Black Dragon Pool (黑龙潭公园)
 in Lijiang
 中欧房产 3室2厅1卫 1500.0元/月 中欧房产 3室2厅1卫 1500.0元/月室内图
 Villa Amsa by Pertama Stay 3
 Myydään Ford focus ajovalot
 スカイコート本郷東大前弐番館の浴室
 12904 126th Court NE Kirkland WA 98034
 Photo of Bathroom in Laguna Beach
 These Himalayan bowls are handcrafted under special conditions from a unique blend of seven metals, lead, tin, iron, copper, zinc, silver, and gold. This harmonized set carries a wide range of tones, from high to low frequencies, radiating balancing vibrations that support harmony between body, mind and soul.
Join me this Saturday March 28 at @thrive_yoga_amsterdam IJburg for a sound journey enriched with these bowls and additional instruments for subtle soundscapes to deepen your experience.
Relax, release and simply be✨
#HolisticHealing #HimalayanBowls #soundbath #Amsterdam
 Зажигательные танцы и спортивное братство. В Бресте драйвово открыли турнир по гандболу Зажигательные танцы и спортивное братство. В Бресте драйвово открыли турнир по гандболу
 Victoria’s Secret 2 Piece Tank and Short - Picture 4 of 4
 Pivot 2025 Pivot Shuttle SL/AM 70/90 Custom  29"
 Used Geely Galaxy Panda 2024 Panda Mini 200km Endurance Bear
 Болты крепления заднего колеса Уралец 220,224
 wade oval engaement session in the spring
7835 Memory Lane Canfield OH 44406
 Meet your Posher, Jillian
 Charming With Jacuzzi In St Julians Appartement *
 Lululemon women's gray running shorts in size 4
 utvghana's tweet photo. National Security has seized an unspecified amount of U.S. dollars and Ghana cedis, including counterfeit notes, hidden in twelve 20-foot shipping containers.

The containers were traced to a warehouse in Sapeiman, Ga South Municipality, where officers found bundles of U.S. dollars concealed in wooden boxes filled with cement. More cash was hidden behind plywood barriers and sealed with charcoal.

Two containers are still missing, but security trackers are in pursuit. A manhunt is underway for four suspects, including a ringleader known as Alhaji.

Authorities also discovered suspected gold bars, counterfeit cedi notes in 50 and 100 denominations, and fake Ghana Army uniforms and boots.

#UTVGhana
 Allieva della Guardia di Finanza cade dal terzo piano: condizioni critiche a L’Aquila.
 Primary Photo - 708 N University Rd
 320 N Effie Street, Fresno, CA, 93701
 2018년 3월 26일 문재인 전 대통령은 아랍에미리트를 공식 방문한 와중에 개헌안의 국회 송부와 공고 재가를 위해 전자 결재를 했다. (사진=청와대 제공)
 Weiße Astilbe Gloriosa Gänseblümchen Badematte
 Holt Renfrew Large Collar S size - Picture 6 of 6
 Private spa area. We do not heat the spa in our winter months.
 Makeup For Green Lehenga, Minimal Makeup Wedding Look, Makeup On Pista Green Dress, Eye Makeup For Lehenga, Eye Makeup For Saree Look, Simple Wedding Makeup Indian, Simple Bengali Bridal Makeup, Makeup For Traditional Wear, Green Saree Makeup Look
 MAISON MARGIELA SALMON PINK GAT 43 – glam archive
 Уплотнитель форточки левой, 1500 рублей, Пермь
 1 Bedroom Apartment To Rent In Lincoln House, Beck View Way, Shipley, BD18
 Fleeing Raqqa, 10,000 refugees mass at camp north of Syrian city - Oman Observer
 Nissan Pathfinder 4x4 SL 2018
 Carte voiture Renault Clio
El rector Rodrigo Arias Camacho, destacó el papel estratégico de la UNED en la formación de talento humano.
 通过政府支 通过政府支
::::::::::
» **Directions**:
Only the data above, repeated exactly, should make up the reply.

» **Exercise answer**:
Black Dragon Pool (黑龙潭公园)
 in Lijiang
 中欧房产 3室2厅1卫 1500.0元/月 中欧房产 3室2厅1卫 1500.0元/月室内图
 Villa Amsa by Pertama Stay 3
 Myydään Ford focus ajovalot
 スカイコート本郷東大前弐番館の浴室
 12904 126th Court NE Kirkland WA 98034
 Photo of Bathroom in Laguna Beach
 These Himalayan bowls are handcrafted under special conditions from a unique blend of seven metals, lead, tin, iron, copper, zinc, silver, and gold. This harmonized set carries a wide range of tones, from high to low frequencies, radiating balancing vibrations that support harmony between body, mind and soul.
Join me this Saturday March 28 at @thrive_yoga_amsterdam IJburg for a sound journey enriched with these bowls and additional instruments for subtle soundscapes to deepen your experience.
Relax, release and simply be✨
#HolisticHealing #HimalayanBowls #soundbath #Amsterdam
 Зажигательные танцы и спортивное братство. В Бресте драйвово открыли турнир по гандболу Зажигательные танцы и спортивное братство. В Бресте драйвово открыли турнир по гандболу
 Victoria’s Secret 2 Piece Tank and Short - Picture 4 of 4
 Pivot 2025 Pivot Shuttle SL/AM 70/90 Custom  29"
 Used Geely Galaxy Panda 2024 Panda Mini 200km Endurance Bear
 Болты крепления заднего колеса Уралец 220,224
 wade oval engaement session in the spring
7835 Memory Lane Canfield OH 44406
 Meet your Posher, Jillian
 Charming With Jacuzzi In St Julians Appartement *
 Lululemon women's gray running shorts in size 4
 utvghana's tweet photo. National Security has seized an unspecified amount of U.S. dollars and Ghana cedis, including counterfeit notes, hidden in twelve 20-foot shipping containers.

The containers were traced to a warehouse in Sapeiman, Ga South Municipality, where officers found bundles of U.S. dollars concealed in wooden boxes filled with cement. More cash was hidden behind plywood barriers and sealed with charcoal.

Two containers are still missing, but security trackers are in pursuit. A manhunt is underway for four suspects, including a ringleader known as Alhaji.

Authorities also discovered suspected gold bars, counterfeit cedi notes in 50 and 100 denominations, and fake Ghana Army uniforms and boots.

#UTVGhana
 Allieva della Guardia di Finanza cade dal terzo piano: condizioni critiche a L’Aquila.
 Primary Photo - 708 N University Rd
 320 N Effie Street, Fresno, CA, 93701
 2018년 3월 26일 문재인 전 대통령은 아랍에미리트를 공식 방문한 와중에 개헌안의 국회 송부와 공고 재가를 위해 전자 결재를 했다. (사진=청와대 제공)
 Weiße Astilbe Gloriosa Gänseblümchen Badematte
 Holt Renfrew Large Collar S size - Picture 6 of 6
 Private spa area. We do not heat the spa in our winter months.
 Makeup For Green Lehenga, Minimal Makeup Wedding Look, Makeup On Pista Green Dress, Eye Makeup For Lehenga, Eye Makeup For Saree Look, Simple Wedding Makeup Indian, Simple Bengali Bridal Makeup, Makeup For Traditional Wear, Green Saree Makeup Look
 MAISON MARGIELA SALMON PINK GAT 43 – glam archive
 Уплотнитель форточки левой, 1500 рублей, Пермь
 1 Bedroom Apartment To Rent In Lincoln House, Beck View Way, Shipley, BD18
 Fleeing Raqqa, 10,000 refugees mass at camp north of Syrian city - Oman Observer
 Nissan Pathfinder 4x4 SL 2018
 Carte voiture Renault Clio
El rector Rodrigo Arias Camacho, destacó el papel estratégico de la UNED en la formación de talento humano.
 通过政府支 通过政府支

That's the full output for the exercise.